In 1923 Hans Ludwig Larsen co-founded Wijgula (Wijnhoff & Van Gulpen & Larsen, B.V.) a shipping company that to this day transports chemicals on the Rhine and other inland rivers. Wijgula was later acquired in 1991 by Imperial Reederei (known as Haniel Reederei at the time), in turn owned by Imperial Logistics GmbH. in turn owned by Imperial Group, Imperial Group's 2010 Annual Report shows 100% control of Wijgula, and its fleet increased to 37 tankers after the launch of the Synthese 11.

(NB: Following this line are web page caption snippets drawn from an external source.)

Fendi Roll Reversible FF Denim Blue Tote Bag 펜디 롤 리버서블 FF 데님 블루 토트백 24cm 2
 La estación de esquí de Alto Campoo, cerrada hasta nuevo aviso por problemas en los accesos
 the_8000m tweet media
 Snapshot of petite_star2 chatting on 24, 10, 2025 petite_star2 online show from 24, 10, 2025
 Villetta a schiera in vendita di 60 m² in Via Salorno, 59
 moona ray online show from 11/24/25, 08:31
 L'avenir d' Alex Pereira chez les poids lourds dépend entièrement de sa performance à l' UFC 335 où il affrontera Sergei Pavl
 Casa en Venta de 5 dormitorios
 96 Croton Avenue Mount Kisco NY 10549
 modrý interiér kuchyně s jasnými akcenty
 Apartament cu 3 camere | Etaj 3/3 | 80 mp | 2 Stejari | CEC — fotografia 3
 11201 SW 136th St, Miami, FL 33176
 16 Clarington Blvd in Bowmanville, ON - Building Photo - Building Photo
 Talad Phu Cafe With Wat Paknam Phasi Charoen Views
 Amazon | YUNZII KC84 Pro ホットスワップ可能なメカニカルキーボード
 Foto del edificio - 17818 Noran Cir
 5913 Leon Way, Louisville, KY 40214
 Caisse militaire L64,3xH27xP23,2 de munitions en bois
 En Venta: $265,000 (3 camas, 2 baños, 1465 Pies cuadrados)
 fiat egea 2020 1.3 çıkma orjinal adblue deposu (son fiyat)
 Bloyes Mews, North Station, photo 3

Larsen died in November 1937, leaving his estate to his wife Suzanne Menzel Larsen and his two children, Harold and Ingrid. In July 1939—less than one year prior to the German invasion of the Netherlands—the widow Larsen and her children emigrated to the United States, leaving administration of the Larsen estate, including Wijgula, in the hands of five (5) executors: Mr. BP Gomperts, Mr. GA van Haeften, Mr. JWC van Steeden, Dr. C. Herzfeld and Mr. C. Koch. Prior to leaving, Ms. Larsen loaned 32 Larsen Collection artworks the Lakenhal Museum in Leiden. Under Nazi policy during the occupation, the property of Dutch citizens living on US soil was considered "Feindvermögen", or enemy property, and in late 1942 Franssen arranged to sell the Lakenhal 32 via the auction house Van Marle & Bignell. About 10 days before the auction occurred, on 14 January 1943, twelve (12) artworks were purchased privately by Erhard Göpel, a Nazi art buyer participating in the overall Nazi effort to confiscate European artwork for Hitler's planned "Führermuseum" in Linz. According to "Geroofd maar van wie?" (Looted, but from whom?), the "...business [of selling artwork at the behest of the occupying authorities] was going so well that Van Marle sold a part of the stock to clients in Germany under a private agreement." No evidence has been published showing that Franssen, de Lakenhal Museum, or Van Marle & Bignell paid either Göpel's private payment or the auction proceeds to the Larsen estate executors. One possible source of documentation on what Franssen did with these funds is the Van Marle & Bignell archive maintained by the Netherlands Institute for Art History (RKD) (archive number NL-HaRKD.0366).

== Relationship with Oceanus ==
Oceanus was a publishing company established by the occupying authorities in the Netherlands as a branch of the National Socialist company Mundi-Verlag in Berlin. Oceanus directors maintained direct relations with the German Foreign Ministry. Franssen is documented to have worked closely with Oceanus.

== Relationship with Hitler's Special Order Linz ==
Among Dutch traders who supplied Hitler and helped build the Special Order Linz collection, the auction house Frederic Muller & Co., art dealers Kurt Walter Bachstitz and Gustav Cramer, and Franssen were prominent contributors to Linz, each providing more than 20 paintings. Bachstitz was Jewish, and Dutch archive documentation indicates he was forced to sell to Nazi buyers. "Post-war statements indicate that Bachstitz and his wife held anti-Nazi sentiments and were dedicated to protecting Jews by offering them a place to hide and holding their goods in trust. From 1942, things apparently became more difficult for Bachstitz", and in July 1943, Bachstitz was arrested by the Sicherheitsdienst and briefly interned in Scheveningen prison.

== OSS Interrogation Reports ==
After the war, Franssen came to the attention of American intelligence officers in the OSS due to his Verwalter activities and his guidance of the collection of the German company Van Marle and Bignell.